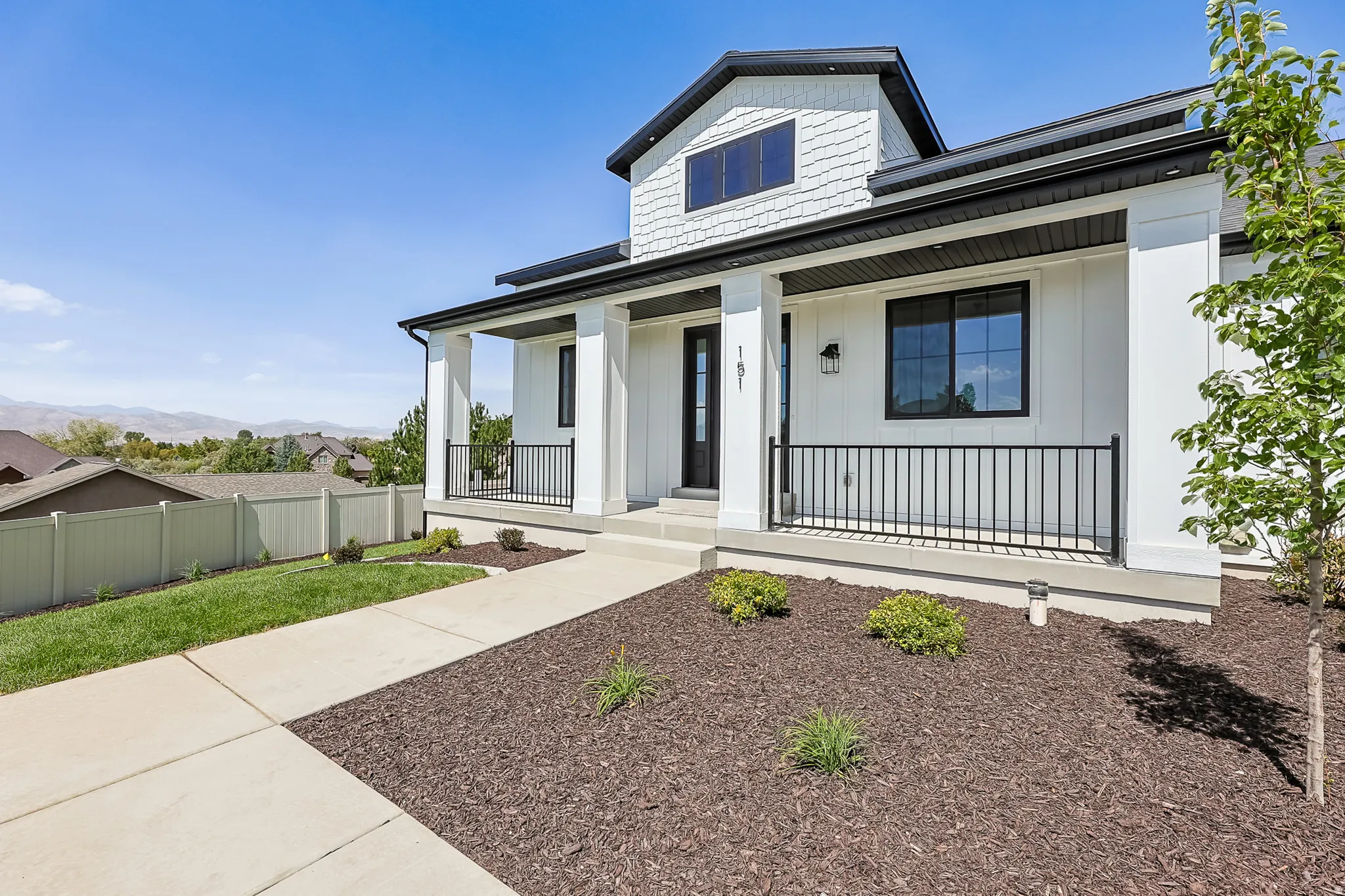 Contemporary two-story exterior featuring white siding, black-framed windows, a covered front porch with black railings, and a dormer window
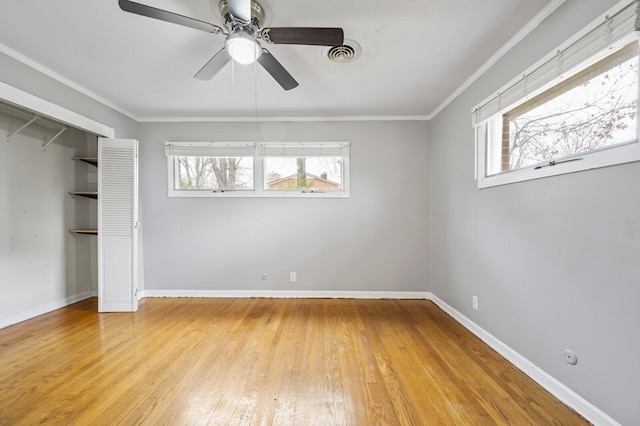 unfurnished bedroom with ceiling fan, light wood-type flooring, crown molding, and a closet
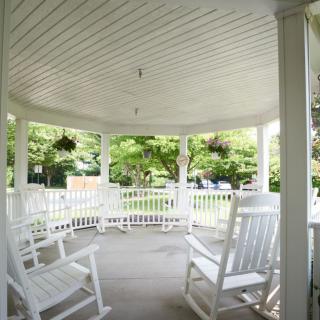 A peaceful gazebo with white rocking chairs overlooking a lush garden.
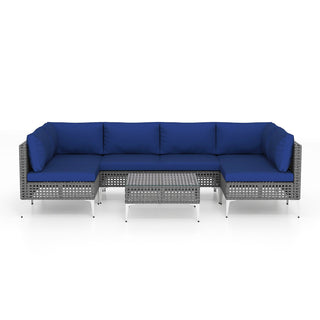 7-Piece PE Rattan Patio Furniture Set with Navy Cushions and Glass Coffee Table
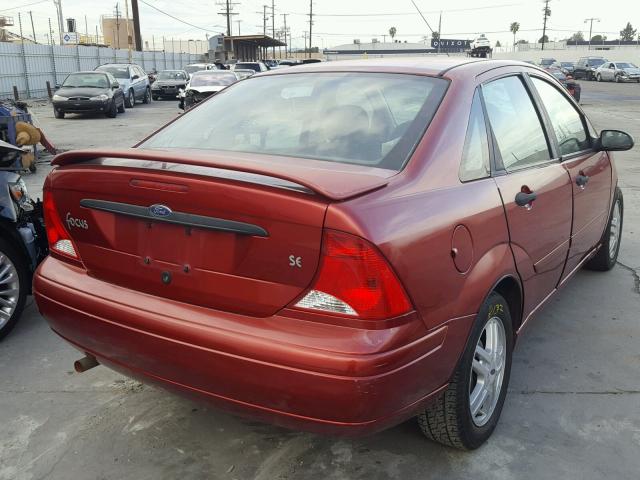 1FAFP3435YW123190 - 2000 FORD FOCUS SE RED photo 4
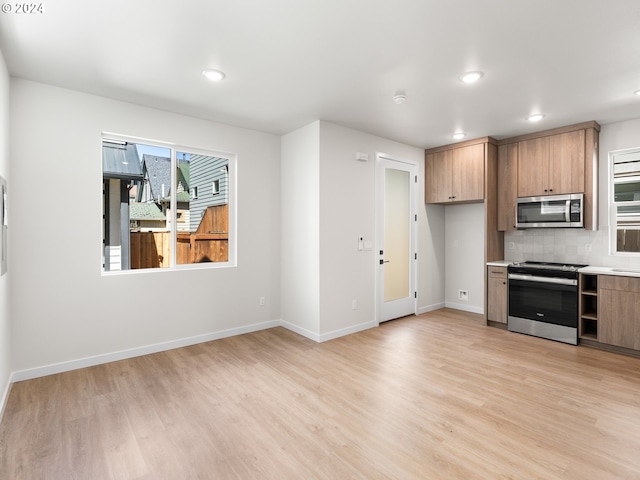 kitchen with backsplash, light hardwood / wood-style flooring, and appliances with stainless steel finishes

*Task instructions*: Your task is to write out, exactly and without pictures, only the lines from the one holding "1FAFP3435YW123190 - 2000" to the last line of the data.

*Answer box*:
 1FAFP3435YW123190 - 2000 FORD FOCUS SE RED photo 4
 kitchen with backsplash, light hardwood / wood-style flooring, and appliances with stainless steel finishes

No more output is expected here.